#### Exercise directions:
Your answer must be an exact copy of the entries, containing no images.

———

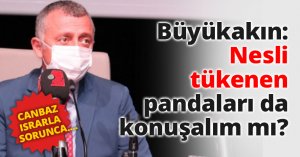 Büyükakın: Nesli tükenen pandaları da konuşalım mı?
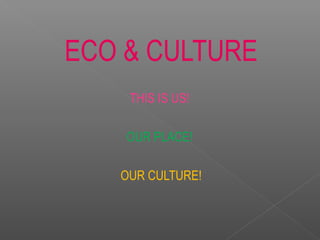 ECO & CULTURE
THIS IS US!
OUR PLACE!
OUR CULTURE!
 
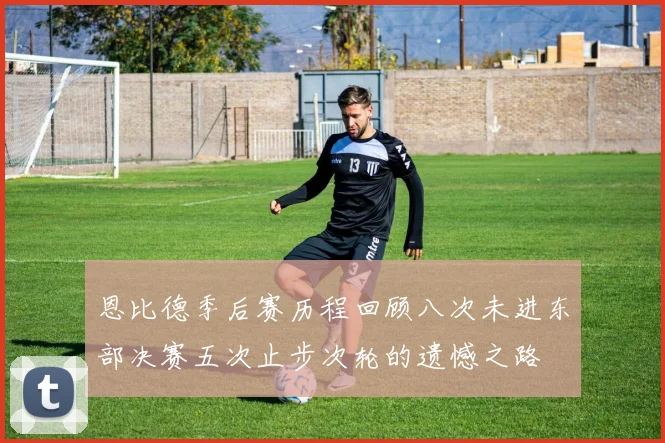 恩比德季后赛历程回顾八次未进东部决赛五次止步次轮的遗憾之路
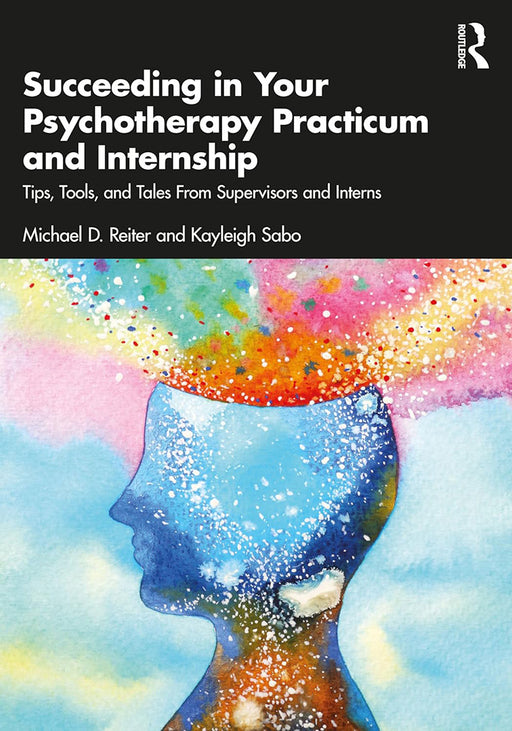 Succeeding in Your Psychotherapy Practicum and Internship by Reiter/Michael D.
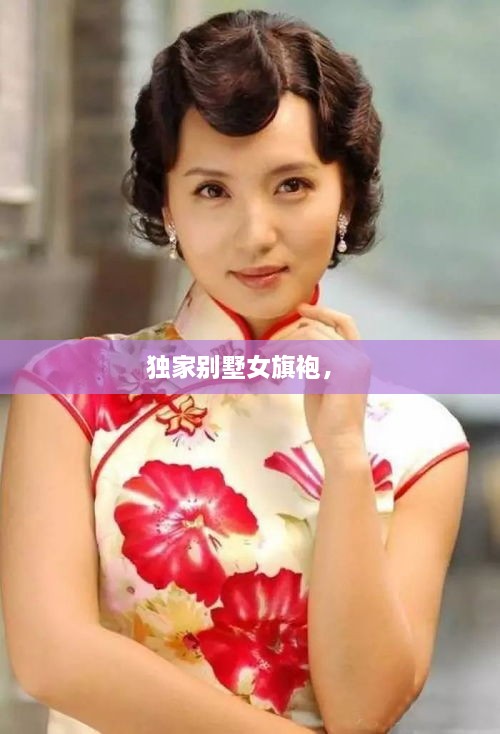 獨(dú)家別墅女旗袍， 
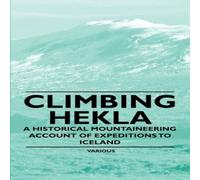 Various Climbing Hekla - A Historical Mountaineering Account of Various Multicolor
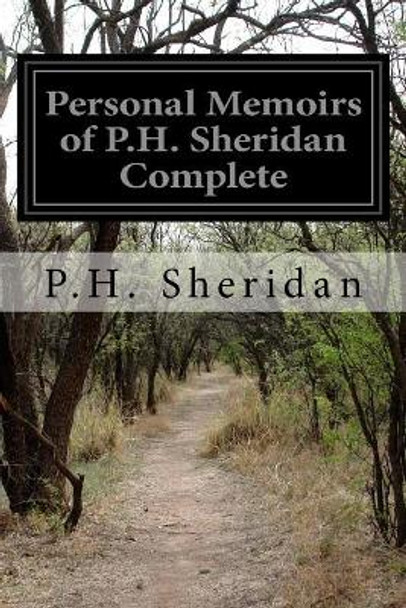 Personal Memoirs of P.H. Sheridan Complete by P H Sheridan 9781514804650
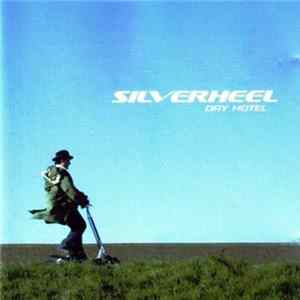 Silverheel - Dry Hotel Album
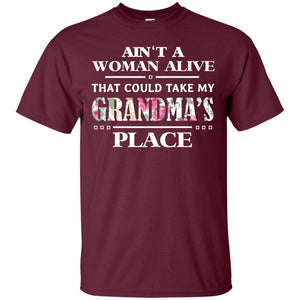 Ain't A Woman Alive That Could Take My Grandma's Place Grandchild ShirtG200 Gildan Ultra Cotton T-Shirt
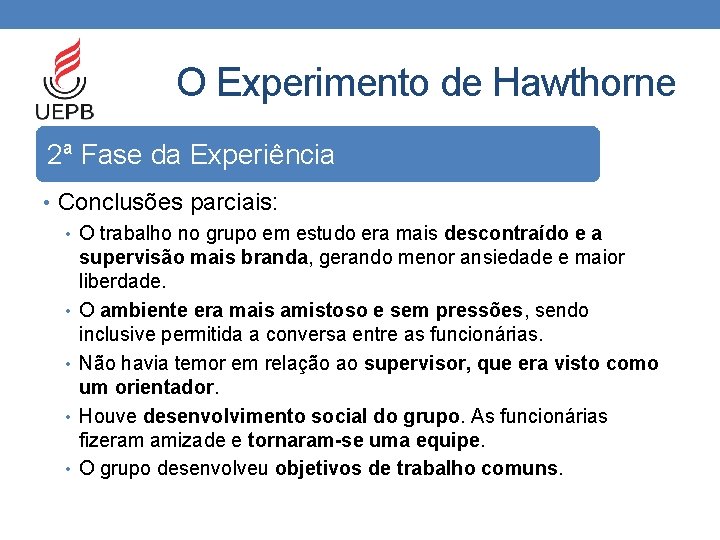 O Experimento de Hawthorne 2ª Fase da Experiência • Conclusões parciais: • O trabalho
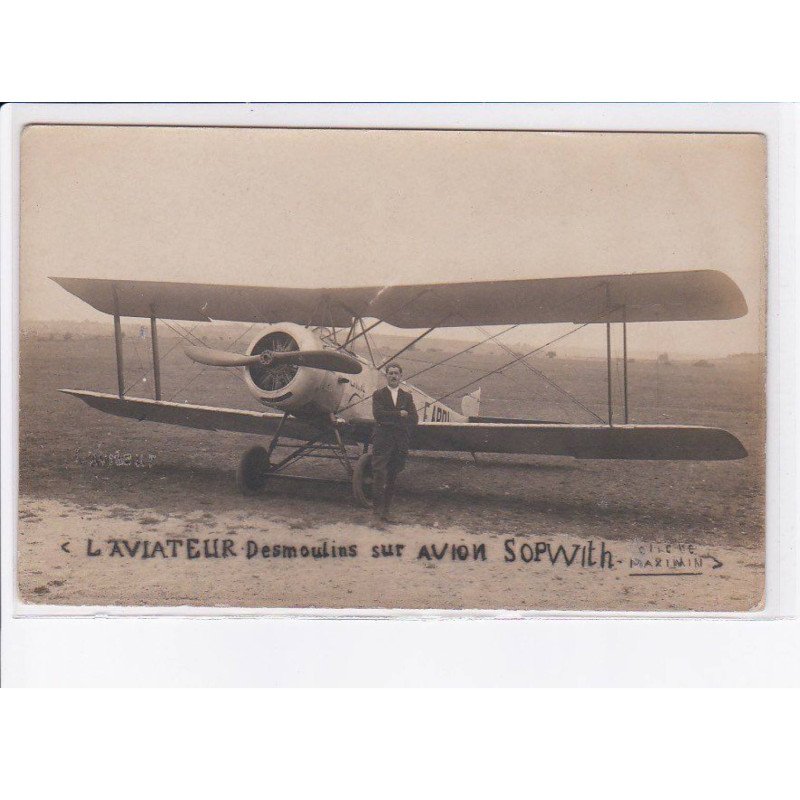 CHARENTE: aviation, cliché maximin, aviateur Desmoulins sur avion sopwith - très bon état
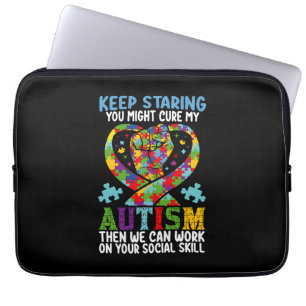 Keep Staring You Might Cure My Autism Awareness Laptop Sleeve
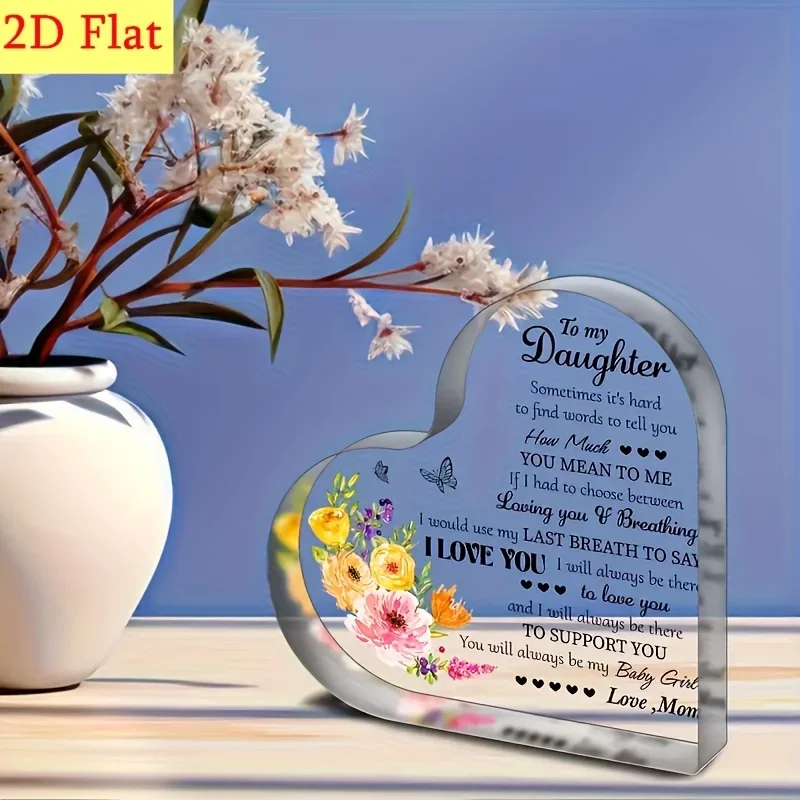 2D Flat, Engraved Acrylic Heart-shaped Desktop Decor, Perfect Birthday Gift for Daughter, Cute And Unique Home Decor, Room Decor, And Office Decor, Thank You Gift, Art Craft Ornaments Gift, Aesthetic Decor, 2D Flat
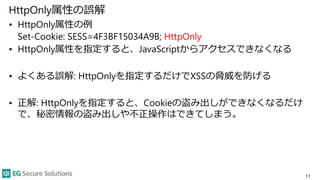HttpOnly属性の誤解
• HttpOnly属性の例
Set-Cookie: SESS=4F3BF15034A9B; HttpOnly
• HttpOnly属性を指定すると、JavaScriptからアクセスできなくなる
• よくある誤解: HttpOnlyを指定するだけでXSSの脅威を防げる
• 正解: HttpOnlyを指定すると、Cookieの盗み出しができなくなるだけ
で、秘密情報の盗み出しや不正操作はできてしまう。
11
 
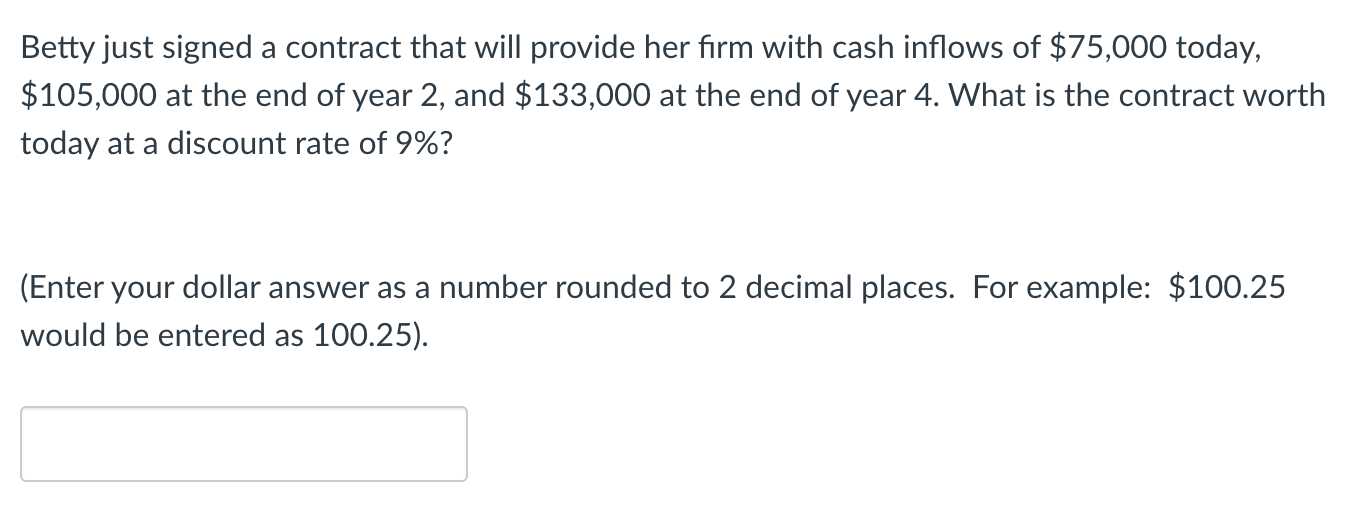 Betty just signed a contract that will provide her firm with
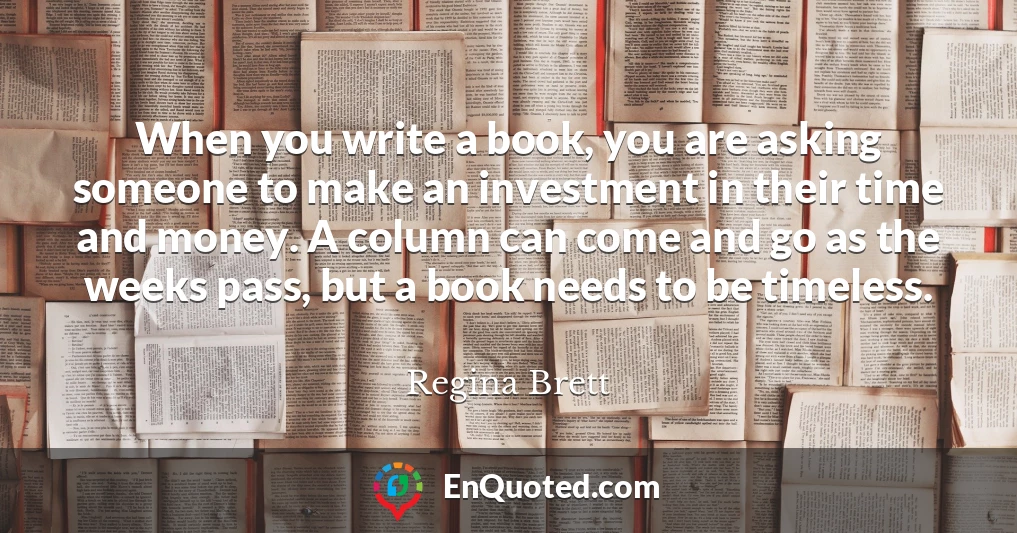 When you write a book, you are asking someone to make an investment in their time and money. A column can come and go as the weeks pass, but a book needs to be timeless.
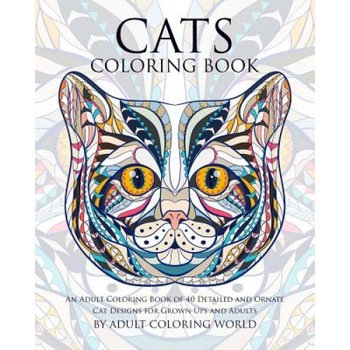 Cats Coloring Book: An Adult Coloring Book of 40 Detailed and Ornate Cat Designs for Grown-Ups and Adults, Adult Coloring World (Author) Cats Coloring Book: An Adult Coloring Book of 40 Detailed and Ornate Cat Designs for Grown-Ups and Adults, Adult Coloring World (Author)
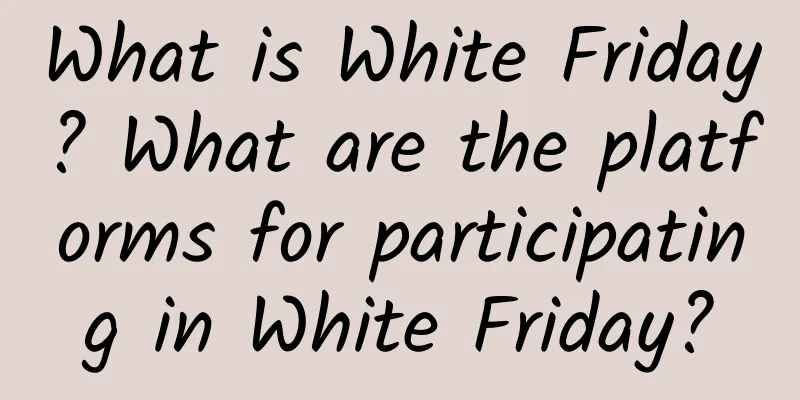 What is White Friday? What are the platforms for participating in White Friday?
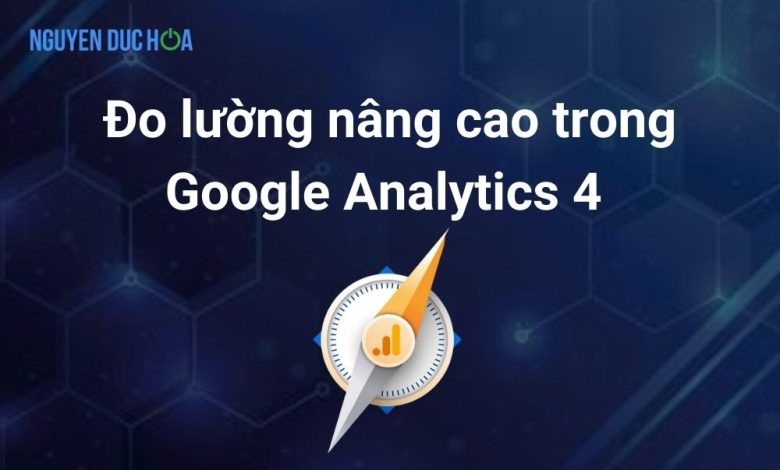 Hướng dẫn đo lường nâng cao trong Google Analytics 4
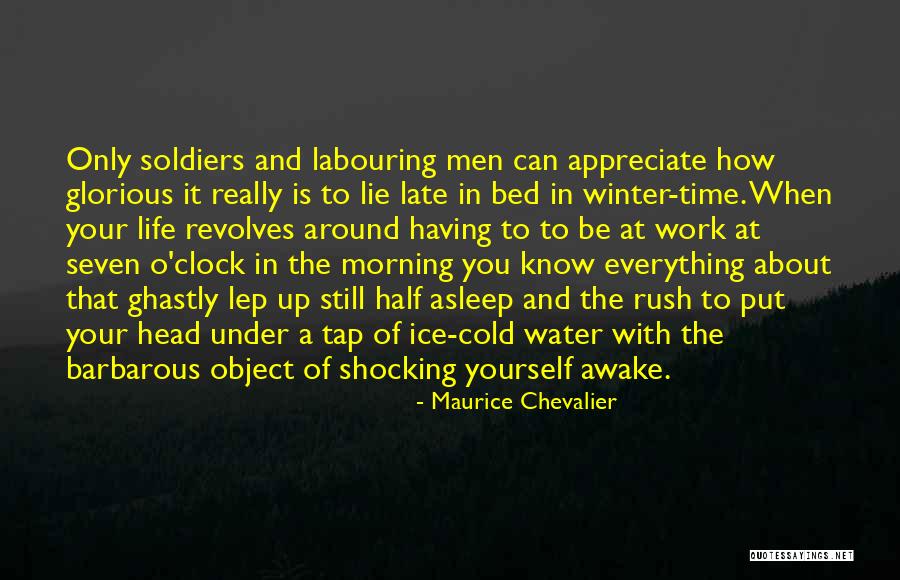 A Man In Your Life Quotes By Maurice Chevalier A Man In Your Life Quotes By Maurice Chevalier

———

#### Output for this task:
 Büyükakın: Nesli tükenen pandaları da konuşalım mı?
 ECO & CULTURE
THIS IS US!
OUR PLACE!
OUR CULTURE!
 
 恩比德季后赛历程回顾八次未进东部决赛五次止步次轮的遗憾之路
 Succeeding in Your Psychotherapy Practicum and Internship by Reiter/Michael D.
 獨(dú)家別墅女旗袍， 
 Various Climbing Hekla - A Historical Mountaineering Account of Various Multicolor
 Personal Memoirs of P.H. Sheridan Complete by P H Sheridan 9781514804650
 Silverheel - Dry Hotel Album
 Ain't A Woman Alive That Could Take My Grandma's Place Grandchild ShirtG200 Gildan Ultra Cotton T-Shirt
 O Experimento de Hawthorne 2ª Fase da Experiência • Conclusões parciais: • O trabalho
 CHARENTE: aviation, cliché maximin, aviateur Desmoulins sur avion sopwith - très bon état
 Keep Staring You Might Cure My Autism Awareness Laptop Sleeve
 2D Flat, Engraved Acrylic Heart-shaped Desktop Decor, Perfect Birthday Gift for Daughter, Cute And Unique Home Decor, Room Decor, And Office Decor, Thank You Gift, Art Craft Ornaments Gift, Aesthetic Decor, 2D Flat
HttpOnly属性の誤解
• HttpOnly属性の例
Set-Cookie: SESS=4F3BF15034A9B; HttpOnly
• HttpOnly属性を指定すると、JavaScriptからアクセスできなくなる
• よくある誤解: HttpOnlyを指定するだけでXSSの脅威を防げる
• 正解: HttpOnlyを指定すると、Cookieの盗み出しができなくなるだけ
で、秘密情報の盗み出しや不正操作はできてしまう。
11
 
 Betty just signed a contract that will provide her firm with
 When you write a book, you are asking someone to make an investment in their time and money. A column can come and go as the weeks pass, but a book needs to be timeless.
 Cats Coloring Book: An Adult Coloring Book of 40 Detailed and Ornate Cat Designs for Grown-Ups and Adults, Adult Coloring World (Author) Cats Coloring Book: An Adult Coloring Book of 40 Detailed and Ornate Cat Designs for Grown-Ups and Adults, Adult Coloring World (Author)
 What is White Friday? What are the platforms for participating in White Friday?
 Hướng dẫn đo lường nâng cao trong Google Analytics 4
 A Man In Your Life Quotes By Maurice Chevalier A Man In Your Life Quotes By Maurice Chevalier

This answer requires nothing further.